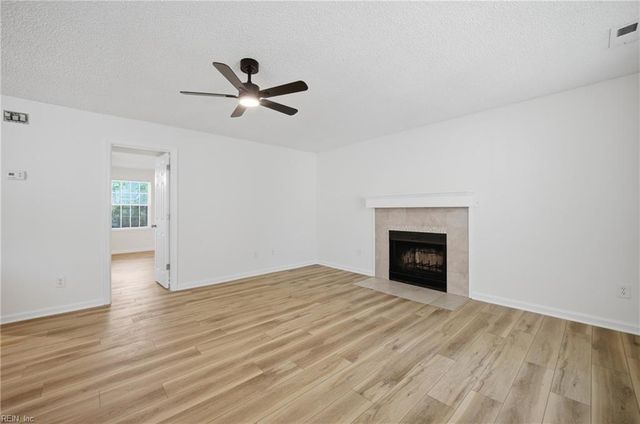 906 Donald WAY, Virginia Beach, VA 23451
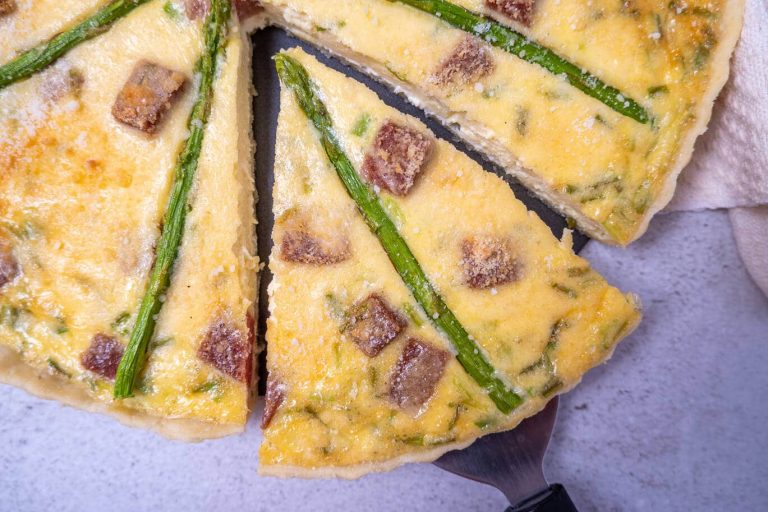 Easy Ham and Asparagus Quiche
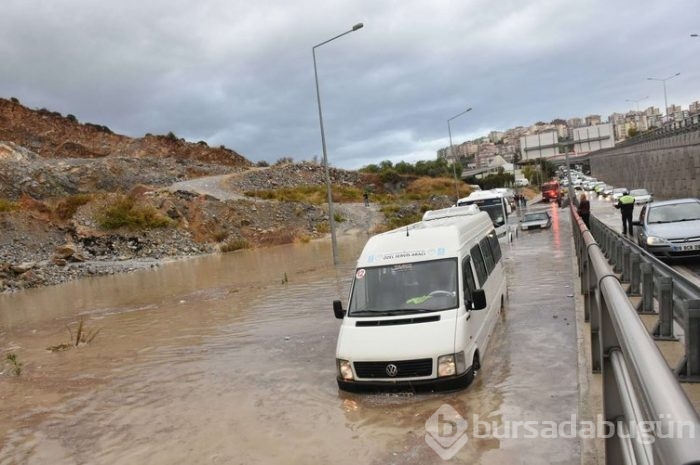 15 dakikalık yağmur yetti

* * *

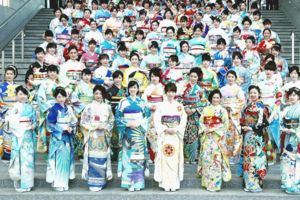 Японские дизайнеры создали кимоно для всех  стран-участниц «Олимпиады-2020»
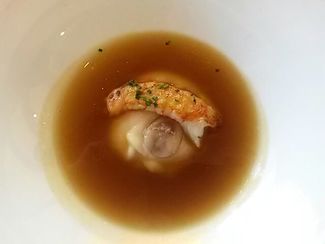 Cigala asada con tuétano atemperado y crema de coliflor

Your objective: Among the records above, locate the line containing "906 Donald WAY, Virginia Beach, VA 23451" and the line containing "15 dakikalık yağmur yetti", then transcribe exactly the lines starting at the first and ending at the second, with no pictures.

The completed task:
 906 Donald WAY, Virginia Beach, VA 23451
 Easy Ham and Asparagus Quiche
 15 dakikalık yağmur yetti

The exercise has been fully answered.